Unterwandert von rechts

Neonazis im thüringischen Kloster Veßra

Das Dorfgasthaus "Goldener Löwe" im thüringischen Kloster Veßra
Der "Goldene Löwe" in Kloster Veßra © DRadio / Ernst-Ludwig von Aster
Von Ernst-Ludwig von Aster |
Ein Dorf wird nicht einfach so rechtsradikal. Wie bestehende Strukturen gezielt unterwandert werden, zeigt das Beispiel Kloster Veßra in Thüringen. Dort hat ein rechter Aktvist das Dorfgasthaus übernommen und einen neuen Szenetreff aufgebaut.
Sie: "Wir gucken mal." Er: "Mal sehen, ob er deine Preise hat."
Sie: "7.90 geht's los, das ist nicht teuer." Er: "Das ist nicht teuer."

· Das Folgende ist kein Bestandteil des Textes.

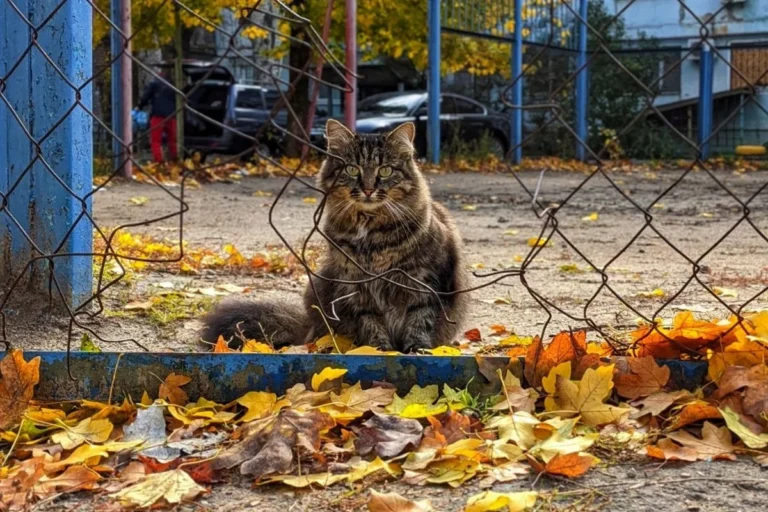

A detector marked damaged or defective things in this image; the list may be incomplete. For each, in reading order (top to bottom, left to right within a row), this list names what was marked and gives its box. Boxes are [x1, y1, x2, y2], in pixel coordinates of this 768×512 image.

rusty fence wire [0, 0, 764, 364]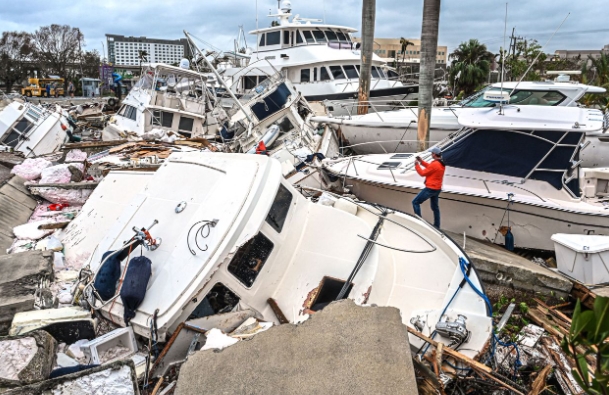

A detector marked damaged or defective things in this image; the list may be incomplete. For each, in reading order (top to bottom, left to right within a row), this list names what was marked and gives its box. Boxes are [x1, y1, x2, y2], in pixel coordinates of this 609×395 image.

damaged yacht [76, 153, 492, 360]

Die alte Wirtin beugt sich ein wenig nach vorne. Schiebt ihr Gesicht ganz dicht an den Glaskasten, um die verblichene Speisekarte zu entziffern. "Schweinegulasch mit Thüringer Klößen 7,90. Rinderroulade 9,10 Euro." Das ist in Ordnung. Soviel nimmt sie in ihrer Gaststätte auch. Ihr Begleiter studiert die Getränkekarte. Beginnt zu lachen:
"Tressen", hahaha, hat er vielleicht gedacht, es wird mit s-zett geschrieben!"

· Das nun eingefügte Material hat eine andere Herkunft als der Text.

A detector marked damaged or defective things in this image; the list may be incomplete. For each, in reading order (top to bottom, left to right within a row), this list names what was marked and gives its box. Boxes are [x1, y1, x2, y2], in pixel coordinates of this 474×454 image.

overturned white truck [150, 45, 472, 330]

Gelächter hallt über die menschenleere Dorfstraße von Kloster Veßra. "Tresen" mit zwei "s". Dafür Speisen mit "ß". Mit der Rechtschreibung steht der neue Wirt vom "Goldenen Löwen" scheinbar auf Kriegsfuß. Die 72-Jährige schüttelt amüsiert den Kopf. Eine kleine rote Lederschleife hält die schütteren schwarzen Haare zum Zopf zusammen. Sie geht einige Schritte zurück, lässt den Blick über die Fassade wandern: Fachwerk, braune Balken, weißer Putz, an vielen Stellen abgeblättert, drei Stockwerke, an der Dachrinne wächst Moos. So sieht es also aus, das Wirtshaus, von dem alle reden.
Es ist 15 Uhr. "Heute Ruhetag", verkündet ein Schild. Neugierig blicken sich die beiden um. Entdecken auf dem Nachbargrundstück einen Mann in roter Latzhose, der gerade Holz stapelt.

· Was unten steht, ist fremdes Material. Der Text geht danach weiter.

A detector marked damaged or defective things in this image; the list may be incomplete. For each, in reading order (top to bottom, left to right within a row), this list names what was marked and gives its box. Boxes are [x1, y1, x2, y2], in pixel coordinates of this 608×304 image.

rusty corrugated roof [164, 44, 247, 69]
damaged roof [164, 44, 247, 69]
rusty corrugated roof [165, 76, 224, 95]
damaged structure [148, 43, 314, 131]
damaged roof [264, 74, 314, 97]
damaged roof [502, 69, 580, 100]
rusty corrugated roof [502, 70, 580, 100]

Sie: "Und da ist heute Ruhetag?" Er: "Und hier ist heute gar nix los?"
Nachbar: "Jaja, erst heute Abend." Sie: "Weil Ruhetag dransteht."
Nachbar: "Heute Abend erst ist was los." Sie: "Erzähl uns mal was."
Nachbar: "Pffff..." Sie: "Was treibt der Frenck heute?"
Wo Frenck auftaucht, steht Ärger ins Haus
Der Frenck? Der Mann zuckt mit den Schultern. Und schweigt. Tommy Frenck, Ex-NPD-Kandidat, Kampfsportler, Kreistagsmitglied für das rechtsextreme Bündnis Zukunft Hildburghausen in Thüringen. Seit einigen Monaten sind sie Nachbarn. Der 27-Jährige hat den "Goldenen Löwen" im Dezember 2014 gekauft. Die einzige Gaststätte im 300-Seelen Ort Kloster Veßra. Die alte Wirtin kennt Tommy Frenck und seine Kameraden. Früher haben sie oft in ihrer Kneipe ein paar Orte weiter gefeiert.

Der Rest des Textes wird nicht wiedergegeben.